Married couple Hamissi Mamba and Nadia Nijimbere run the Baobab Fare, an East African restaurant based in Midtown, Detroit. Named after the Tree of Life, Baobab Fare is Detroit’s first East African restaurant. The restaurant offers authentic East African dishes and people can’t get enough of its Burundi coffee, hot sauce and fruit juice.
Last year when Baobab Fare opened, the couple announced that the restaurant will also be a juice bar and market for people who need East African groceries and other retail items.
“We are proud to open our doors and bring East African cuisine and culture to our community,” Mamba told Michigan Chronicle following the opening of the restaurant. “Baobab Fare is more than a restaurant; it is a gathering place where all are welcomed and embraced. Detroit is our new home.”
The couple started Baobab Fare after fleeing Burundi — one of the world’s poorest countries struggling to emerge from civil war — in search of new life in the United States in 2014. When they arrived in America, they sought refuge at Freedom House, a nonprofit based in Detroit that provides a temporary home for asylum seekers.
The idea to start Baobab Fare came after Mamba underwent an entrepreneurship training program with ProsperUs. At the time, Mamba and his wife were finding it difficult to get a job with their degrees. “It was hard to get a job in Detroit,” Mamba said. “We didn’t have asylum, and we were trying to see how we can stay here. So we [said], let’s try it out. Either we go to school or start business.”
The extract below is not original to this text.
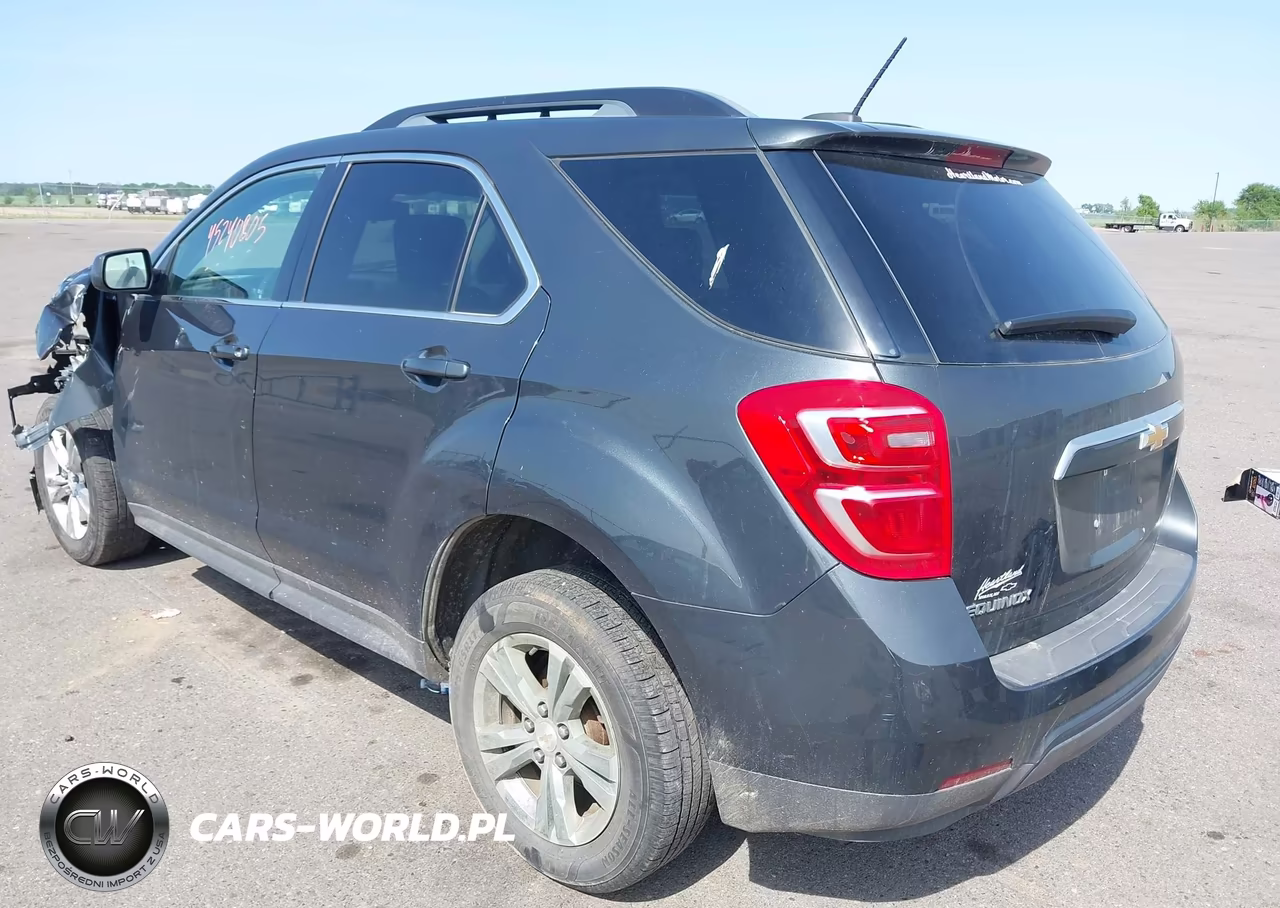 2017 Chevrolet Equinox Lt VIN:2GNALCEK8H1540775 - 3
In 2017, they became the recipient of Comerica’s Hatch Detroit Contest and got $50,000 in seed money to help start the business.
“Nadia and Mamba are an inspiration and ProsperUs is honored that our services and capital helped bring Baobab Fare to life,” said Chanell Scott Contreras, executive director, ProsperUS. “We couldn’t be more excited to see this business add to the richness and diversity of Detroit.”
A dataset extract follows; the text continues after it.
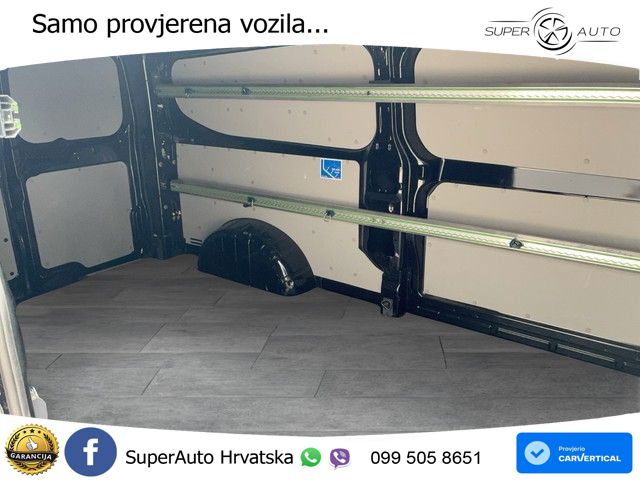 Ford Transit 136 KS LED+GR SJED+ACC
Prior to opening Baobab Fare, Detroit had other African-owned restaurants but they were all skewed towards West African dishes. Nijimbere told Forbes that food from East Africa is spicier and more vegetable-based than that found in West Africa.
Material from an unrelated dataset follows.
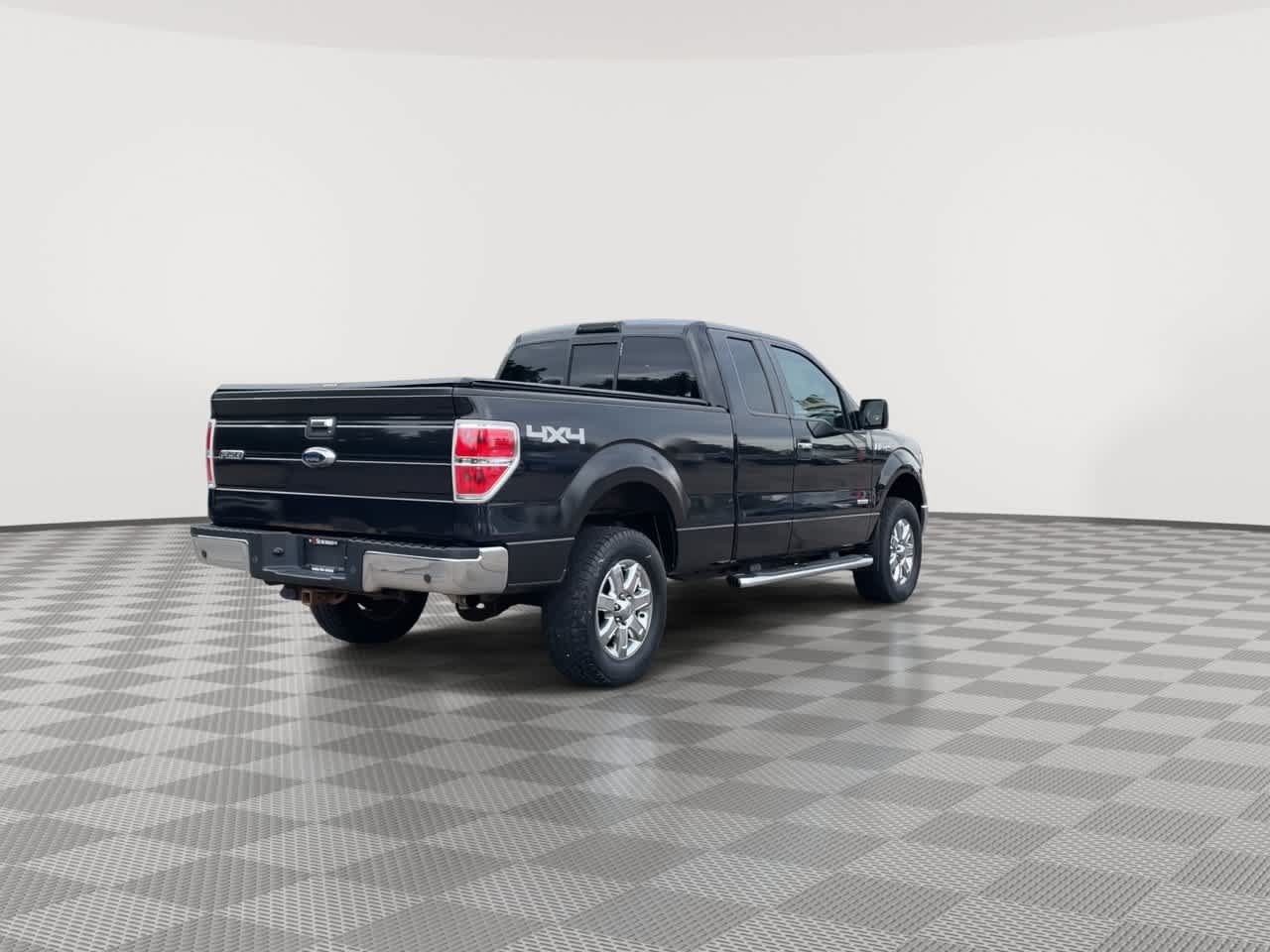 Used 2013 Ford F150 XLT w/ Luxury Equipment Group AWD/4WD image 8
“We didn’t see any East African restaurants around here,” said Mamba, whose family owned a restaurant back in Burundi. “And so that is how the idea started.”
Starting Baobab did not come easy. The parents of eight-year-old twin girls made all the necessary preparations to launch the restaurant in 2020 when the pandemic struck. This subsequently slowed the opening of the restaurant. Baobab Fare finally opened its doors in February 2021.